Java 8 ETL toolkit without dependencies. Enhydrator reads table-like structures, filters, transforms and writes them back.
<dependency>
<groupId>com.airhacks</groupId>
<artifactId>enhydrator</artifactId>
<version>[RECENT-VERSION]</version>
</dependency>
Enhydrator reads the data from a Source
, filters, transforms and writes it back to a Sink
.
The source is responsible for converting an external information into an Iterable
of Row
s.
@FunctionalInterface
public interface Source {
Iterable<Row> query(String query, Object… params);
default Iterable<Row> query() {
return this.query(null);
}
}
Enhydrator ships with CSVFileSource
, CSVStreamSource
, JDBCSource
, ScriptableSource
and VirtualSinkSource
(a in-memory source and sink at the same time).
The essential data structure is Row
. A row comprises Column
s accessible by index and / or a name:
public class Row {
private final Map<String, Column> columnByName;
private final Map<Integer, Column> columnByIndex;
//…
}
A Column holds an index, name and an optional value:
public class Column implements Cloneable {
private int index;
private String name;
private Optional<Object> value;
//…
}
Sink is the Source’s counterpart:
public abstract class Sink implements AutoCloseable {
public abstract void processRow(Row entries);
}
Each transformed Row
is passed to the Sink.
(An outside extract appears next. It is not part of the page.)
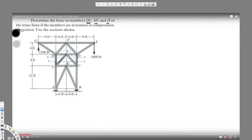Hey, what's going on guys. We have this question right here asking to determine the force in members DC, HI, and JI of the truss, and state if the members are in tension or compression. The suggestion is to use the method of sections.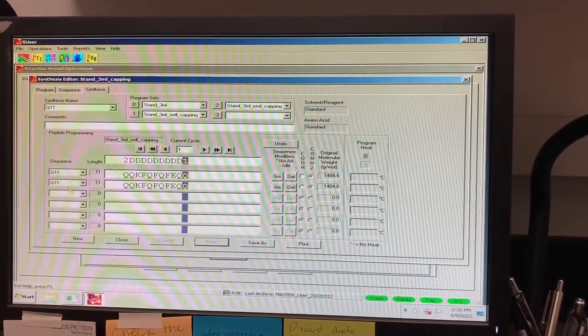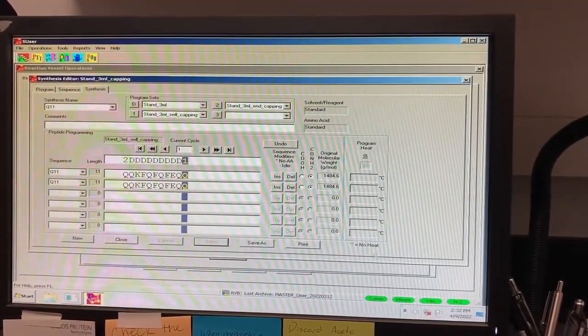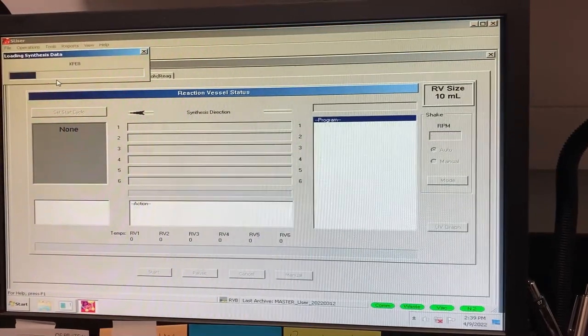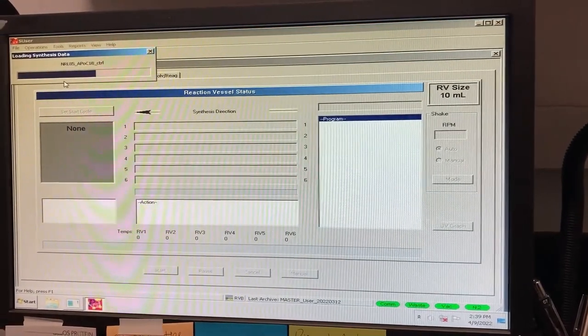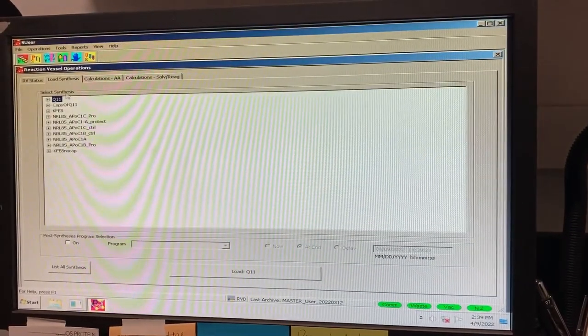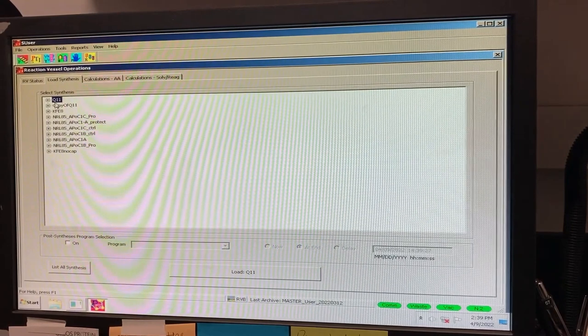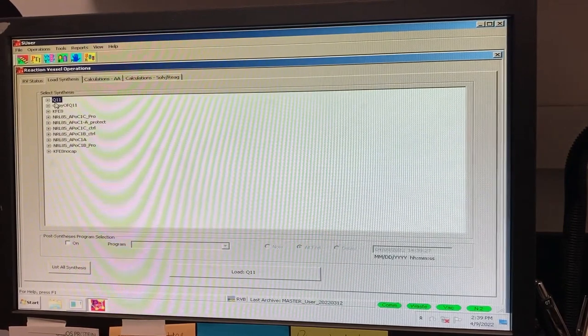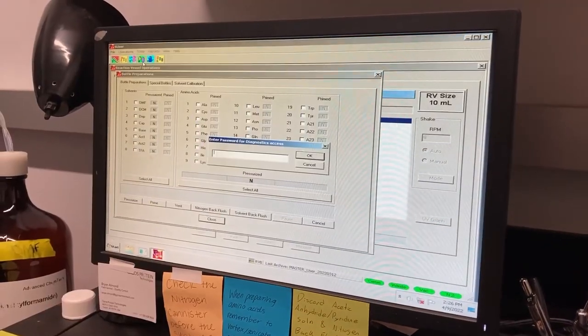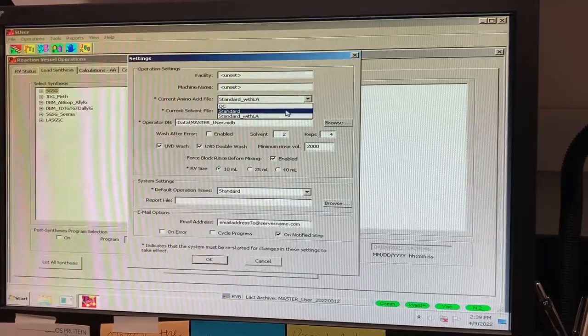Now, you can select the Load Synthesis tab in the main window. If your synthesis file does not immediately appear, select List All Synthesis. If your file still does not show up, try logging in or out in the Tool tab, or changing the amino acid file under Settings.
Enhydrator ships with CSVFileSink
, JDBCSink
, LogSink
, PojoSink
(a Row
to Object mapper), RowSink
and VirtualSinkSource
.
Filter expression is a JavaScript (Nashorn) snippet evaluated against the current row. The script has to return a Boolean true
. Anything else is going to be interpreted as false
and will skip the processing of current row.
The current Row
instance is passed to the script as a variable $ROW
. In addition to the current Row, also $MEMORY
(a map-like structure available for the entire processing pipeline), $EMPTY
(an empty row) and also programmatically passed variables are accessible.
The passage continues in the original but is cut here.